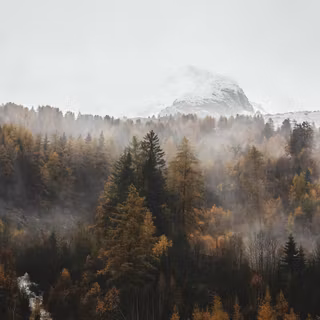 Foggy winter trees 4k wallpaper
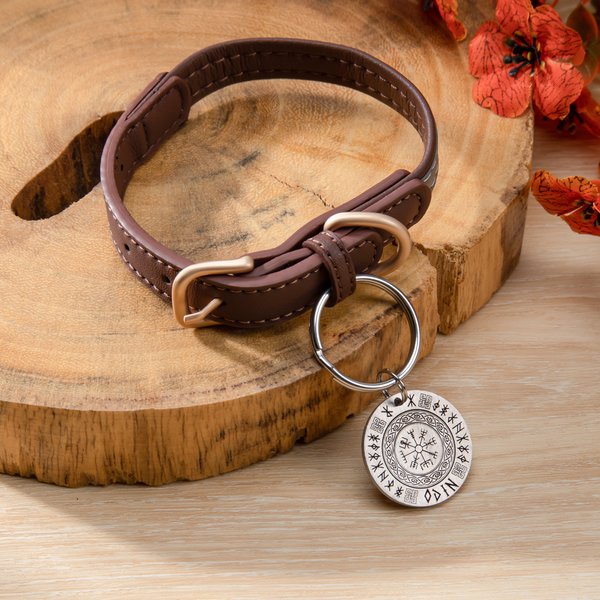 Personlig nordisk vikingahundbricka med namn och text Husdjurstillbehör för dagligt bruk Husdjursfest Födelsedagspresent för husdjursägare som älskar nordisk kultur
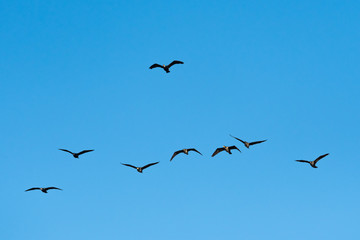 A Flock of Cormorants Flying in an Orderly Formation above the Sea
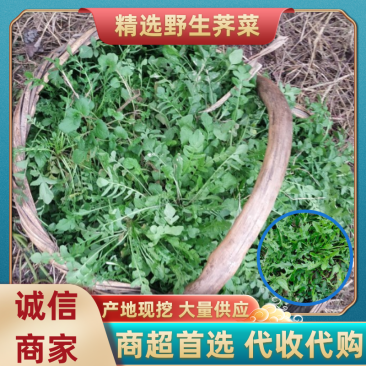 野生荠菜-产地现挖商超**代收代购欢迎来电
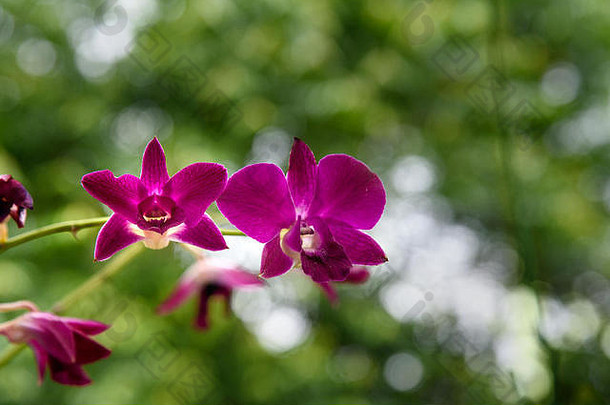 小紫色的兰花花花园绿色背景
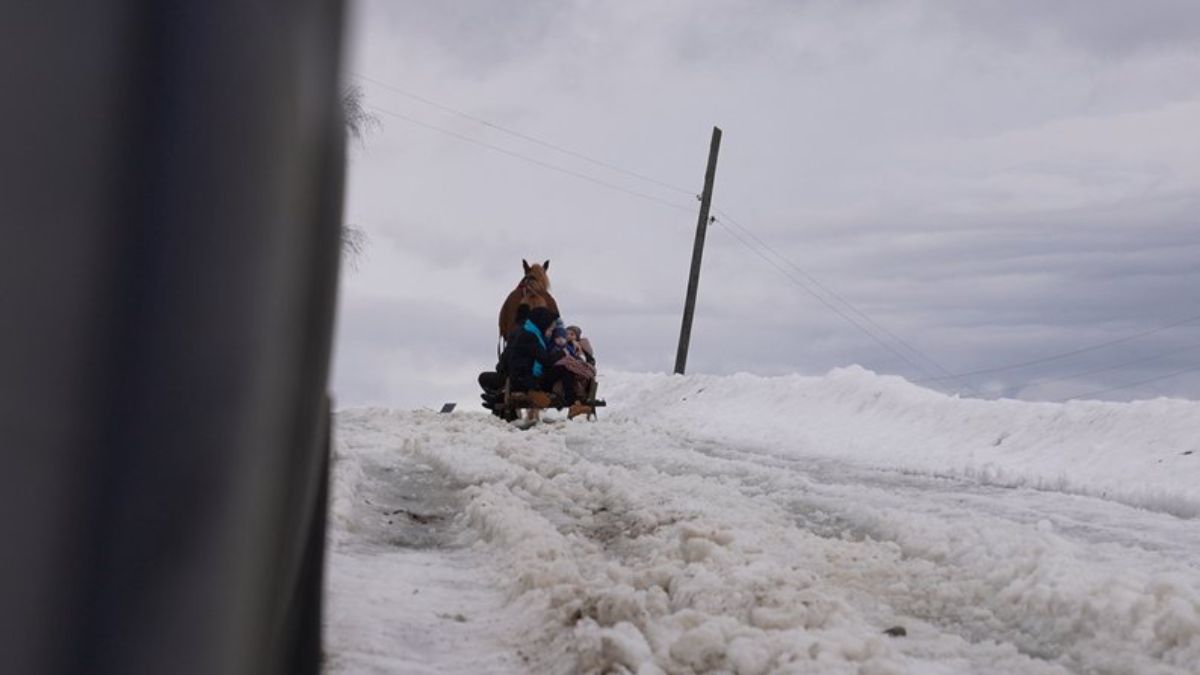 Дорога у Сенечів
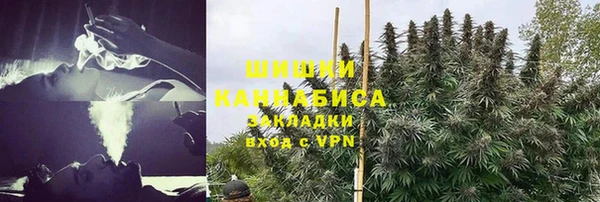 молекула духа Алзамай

────────────────

◆ Prompt ◆
All of the lines above should be printed exactly, minus the pictures.

◆ Result of the exercise ◆
 Foggy winter trees 4k wallpaper
 Personlig nordisk vikingahundbricka med namn och text Husdjurstillbehör för dagligt bruk Husdjursfest Födelsedagspresent för husdjursägare som älskar nordisk kultur
 A Flock of Cormorants Flying in an Orderly Formation above the Sea
 野生荠菜-产地现挖商超**代收代购欢迎来电
 小紫色的兰花花花园绿色背景
 Дорога у Сенечів
 молекула духа Алзамай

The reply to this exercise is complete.